## Aim of the exercise
Everything in the records below must be repeated exactly, except the pictures.
=== Section Start ===
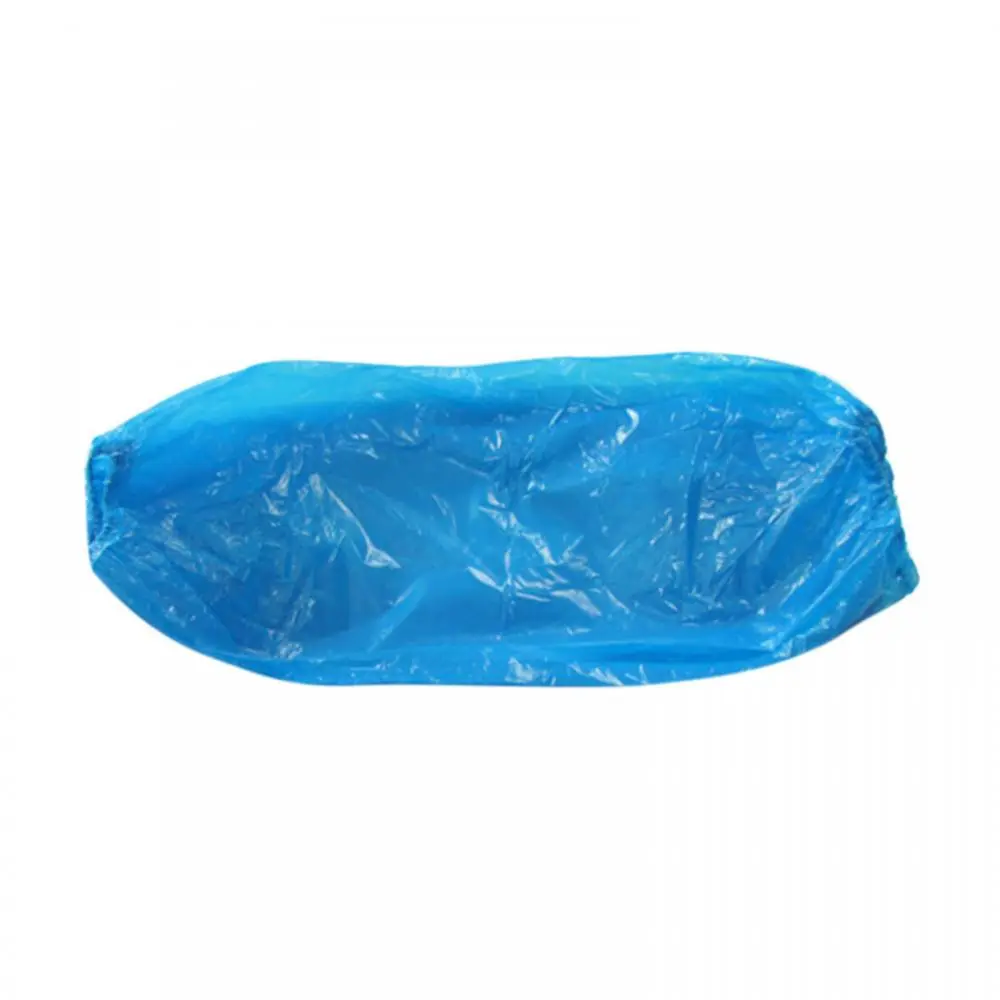 100 Pcs Protective Waterproof Disposable Plastic Arm Sleeves Covers Oversleeves Oil-Proof With Elastic Wrist Kitchen Restaurant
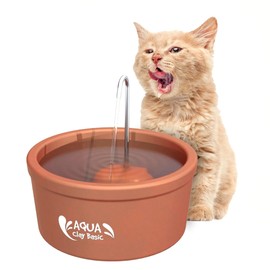 AMICUS - Aqua Clay Basic -Cat Water Fountain - Dogs&Cats&Pets&Small Animals Automatic Bowl Dispenser - Pet Drinking Waterer Bowls Indoor - Auto Kitty Watering Dish Supplies- 84.53 fl oz/ 2.5L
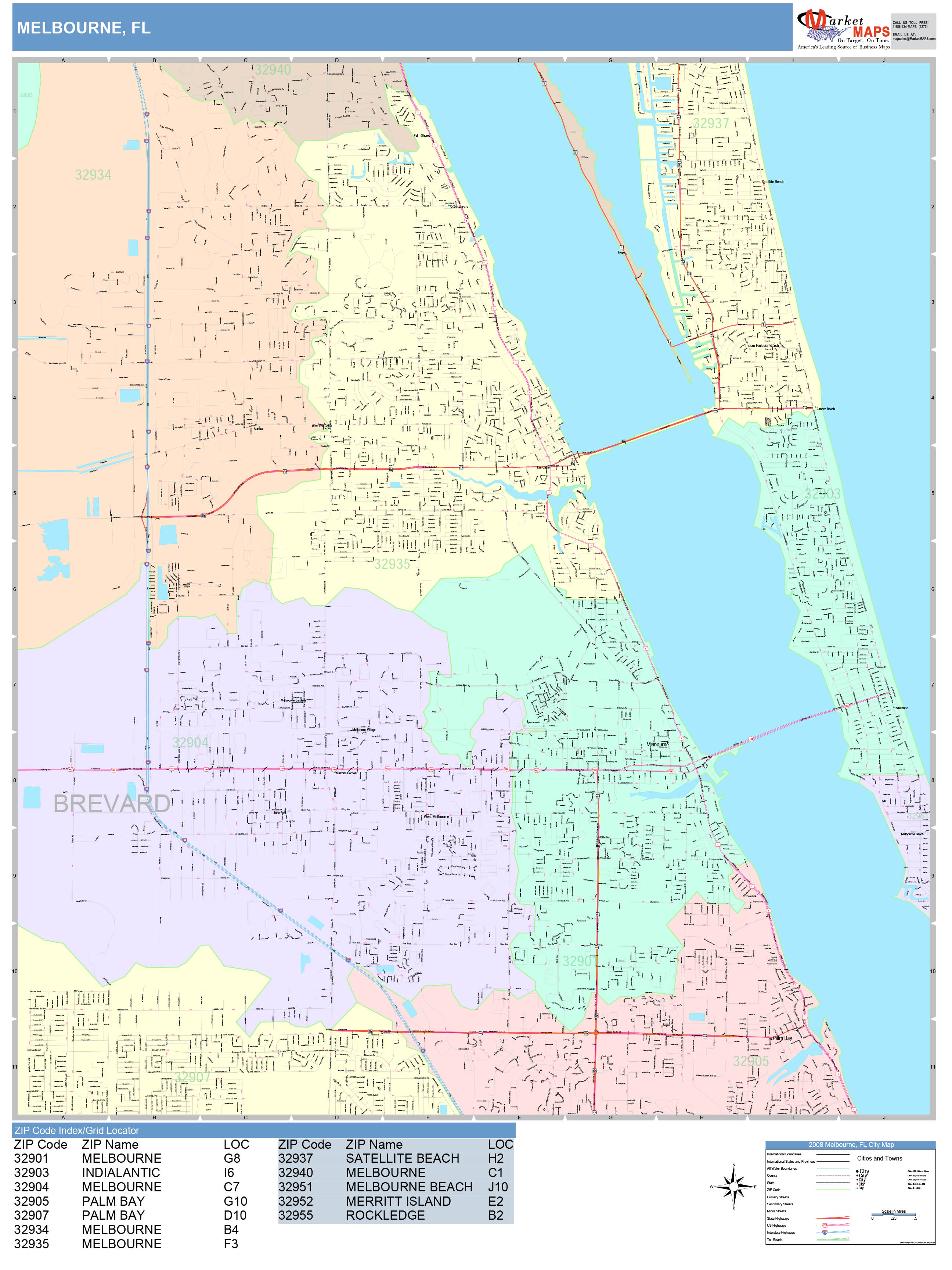 Melbourne Florida Wall Map (Color Cast Style) by MarketMAPS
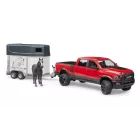 Bruder RAM 2500 Power Wagon με ρυμουλκούμενο μεταφοράς αλόγων και 1 άλογο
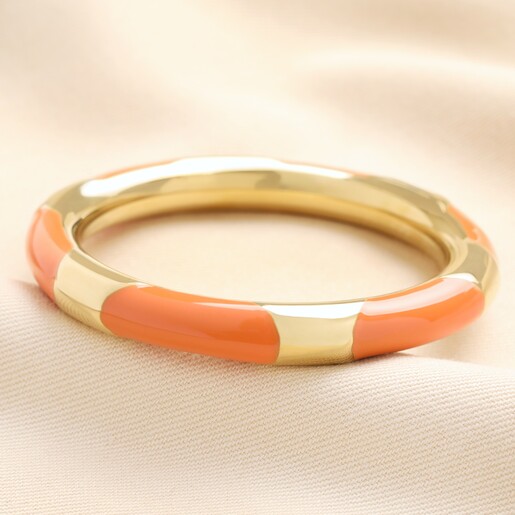 Stainless Steel Enamel Orange Bangle Bracelet in Gold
=== Section End ===
## Output below
 100 Pcs Protective Waterproof Disposable Plastic Arm Sleeves Covers Oversleeves Oil-Proof With Elastic Wrist Kitchen Restaurant
 AMICUS - Aqua Clay Basic -Cat Water Fountain - Dogs&Cats&Pets&Small Animals Automatic Bowl Dispenser - Pet Drinking Waterer Bowls Indoor - Auto Kitty Watering Dish Supplies- 84.53 fl oz/ 2.5L
 Melbourne Florida Wall Map (Color Cast Style) by MarketMAPS
 Bruder RAM 2500 Power Wagon με ρυμουλκούμενο μεταφοράς αλόγων και 1 άλογο
 Stainless Steel Enamel Orange Bangle Bracelet in Gold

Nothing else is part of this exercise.